A few weeks ago, Ben and I went shopping at IKEA to get him a new desk. He works from home full-time and had been using two desks, one for work and one for his home computer. In the “before” picture below, his home desk is on the left and his work desk is on the right. You can see how his work desk is so cramped that he can’t even have his two monitors oriented the right way. We decided that we would get him a regular full-size desk to live on the right side of the TV and I would get the desk on the left for my serger. This was very exciting to me because I’ve always wanted my serger to be on a separate surface from my sewing machine. It’s difficult for me to go back and forth between the two when they’re right next to each other – the space gets too cluttered. We ended up getting a table top and legs instead of a proper desk because he didn’t need any of the storage space a desk comes with, and he primarily wanted more space on top of the desk. The set we got was super cheap, and I decided that I’d rather have the same set up. First of all, when I tested that leaning desk out, it was pretty wobbly when the serger was running at full speed. Second of all, I obviously have a thing for symmetry in a room, so I felt like it would look better if we had two similar desks, even if our living room is becoming more devoted to function over form with each passing day.
So below is my new sewing corner set up. As I’ve mentioned several times, we live in a very tiny apartment, so my sewing area has to be in the living room/Ben’s office/our dining room. There used to be a dining room table where my large sewing desk is, but it was sacrificed to the sewing gods and now we eat on the couch. I love my new L-shaped setup, which is what I’ve always wanted. I can roll between serger and sewing machine, and if I ever get my vintage machine cleaned and repaired, I could even set it up when necessary if I wanted to use my regular machine for construction and use my old Singer for top stitching. As you can see below, my sewing corner also serves as a convenient place to charge our stick vacuum and as the home for a cat tree we recently bought and which Desdemona never uses. She’s much more enamored of the cardboard scratcher you can see in front of our TV stand in the before picture, and which cost us a quarter of what we spent on the cat tree. Sigh. But I have made good use of the cat tree for storing works in progress!
When I knew I would be taking over the space to the left of the TV, I wanted to get one of those IKEA wall storage systems so I could organize some things that had been floating around the drawers of my giant tanker desk (have I mentioned that I love my tanker desk, which I got on Craigslist for $25? It desperately needs refinished, but it is so sturdy and so spacious!). I have some tools hanging, like my design ruler, which was so annoying in my top desk drawer because it was always in the way, and the piece I need to convert my serger into a coverstitch machine because it was always getting lost somewhere. I have bias tape in the first white container, elastic in the second, and pens and paintbrushes (no idea why I still have paintbrushes) in the third. I got a set of spice jars from IKEA to organize my buttons, and I put a little flower for some color on the end of the my button jar rack. This system appeals to the crazy organizer in me so much, I can’t even tell you. I could spend my whole life in The Container Store or the parts of IKEA dedicated to storage and be very happy.

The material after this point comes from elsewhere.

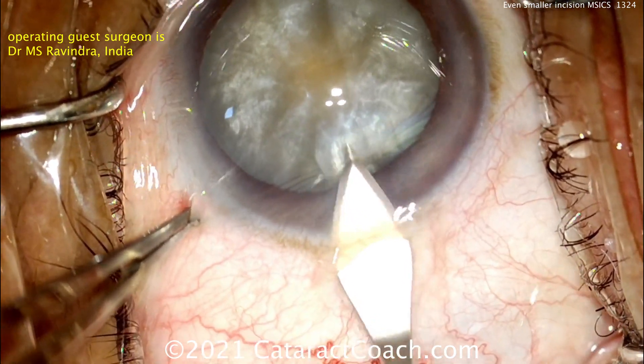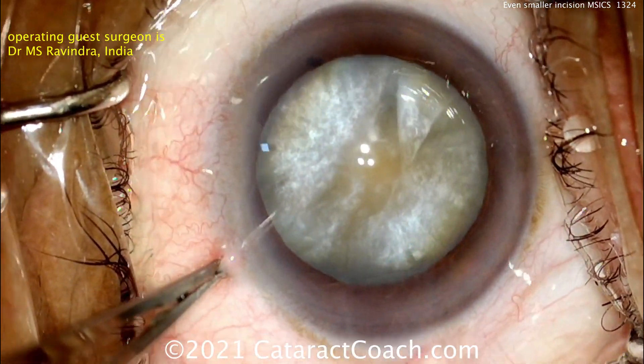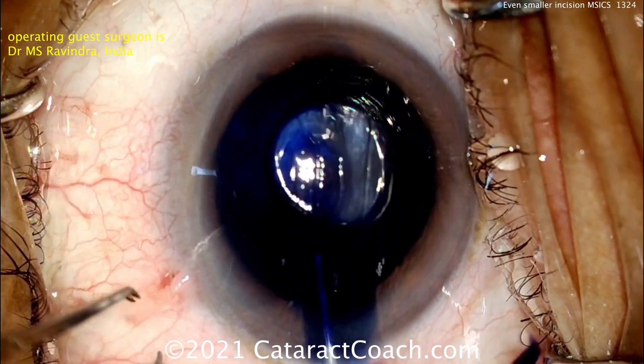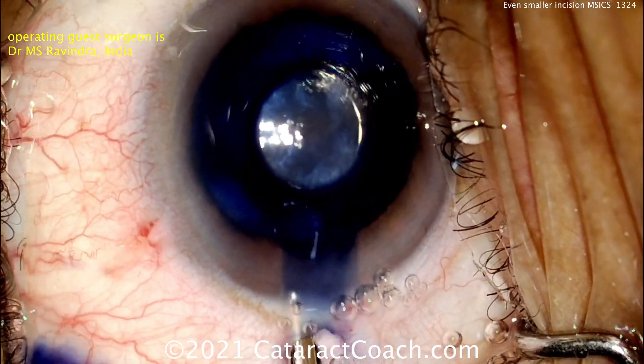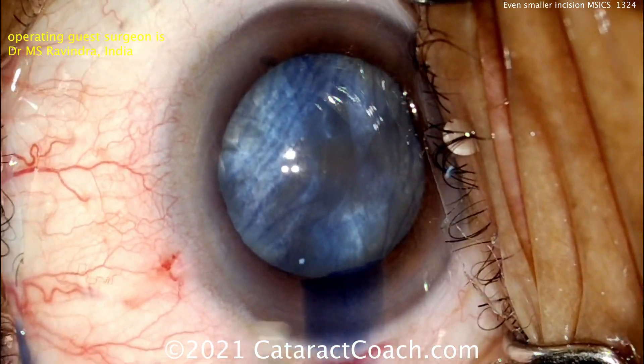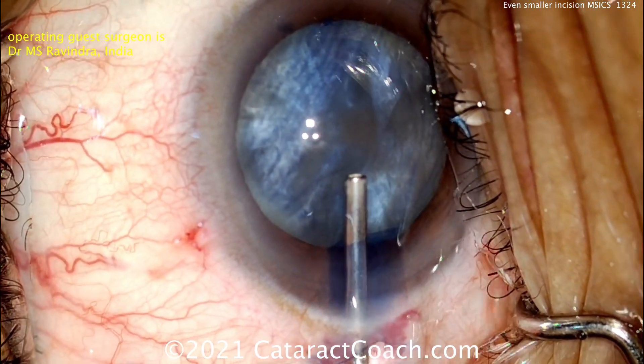He's sent us many videos in the past and he really does a beautiful job of SICS, including splitting the nucleus in the AC prior to removal of the halves. You can see there's the initial incision, probably about 2.8 millimeters wide. A little trypan blue dye going in. This is a real cataract.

Here’s another view of my lovely tanker desk, which is no longer cluttered with my serger. Now, when I want to cut, I only have to move my sewing machine (which I can put on my serger desk instead of on the floor, which later requires a back-breaking haul back up to the desk), my basket full of in-progress patterns (in the back right corner), my little desktop trash can (it’s actually a vase/candle holder), my tissues (because I’m allergic to and also a lover of cats), my hand lotion, my pins, and my huge stack of fabric. Ideally, that huge stack of fabric wouldn’t be so huge or perhaps would even be nonexistent, but this is what comes of being excited about sewing more things than you have time to sew. The thing on the left corner is a bowl full of pattern weights, and that would likely stay on my desk or just get transferred to one of the little side boards that slide out over each stack of drawers while I’m cutting. You can also see my two other new purchases from IKEA here: my floor lamp, which means I no longer have to move a lamp off my desk to cut fabric, and my chair, which doesn’t seem like it would be all that comfy, but really is. Plus it’s turquoise! This chair was out of stock for the longest time, but I was finally able to get it on Sunday, and I’m so happy to have it. My other chair bothered my back and would also sink down over time. This one is much nicer. And I’m so in love with that lamp, which is on sale this month for members of IKEA’s rewards program. I’ve always wanted a floor lamp that looks like a giant desk lamp for some reason, and now my dream has come true, haha.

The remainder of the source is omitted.